Есть в этом что‑то, напоминающее Сальватора Розу, за исключением стиля: во всех этих подобиях стычек и больших сражений никогда нельзя узнать ни причины, ни места, ни времени события, ни даже участников битв. Да и самое название картин зачастниую лишь указывает на роль, отводимую воображению художника. Так, Гаагский музей обладает двумя большими прекрасными картинами, где кровь льется рекой, удары сыплются градом, где художник не поскупился на раны. Одна из них, очень редкостная, написанная Берхемом, поразительна по исполнению: это настоящее чудо по передаче движения и суматохи, по удивительной упорядоченности общего впечатления и совершенству деталей. Это полотно, не имеющее никакого отношения к истории, носит название «Нападение на обоз в горном ущелье». Другая – одна из больших картин Вауэрмана, – названа «Большое сражение». Она напоминает картину мюнхенской пинакотеки, известную под именем «Битва при Нордлингене». Но и это последнее замечательное произведение в высшей степени условно, а его ценность для национальной истории доказана не лучше, чем правдивость картины Берхема. Да и другие картины, изображающие эпизоды из жизни бандитов или безвестные стычки, которых было немало и в Голландии, написаны как бы понаслышке во время или после путешествий художников по Апеннинам.
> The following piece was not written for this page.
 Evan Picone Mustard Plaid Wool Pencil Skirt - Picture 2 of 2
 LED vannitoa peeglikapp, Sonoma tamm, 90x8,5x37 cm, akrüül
История Голландии.таким образом не оставила заметных следов в живописи этих смутных времен и, кажется, ни на один миг не взволновала ее живописцев.

Заметьте еще, что даже в тех картинах, которые относятся к чисто живописному и повествовательному жанру, нет и следа подлинного повествования: ни точно определенного сюжета, ни действия, требующего продуманной, выразительной и особо значительной композиции; никакой изобретательности, никаких сцен, выходящих за пределы жизни полей или городов, которая глазам художников того времени представлялась как жизнь однообразная, плоская, вульгарная, лишенная исканий, страстей и подчас даже чувств. Пьянство, курение, танцы, ласки, расточаемые служанкам, – ведь не это же можно назвать редкими и привлекательными происшествиями! Доить коров, водить их на водопой, нагружать возы сеном также не представляется заметным явлением н деревенской жизни.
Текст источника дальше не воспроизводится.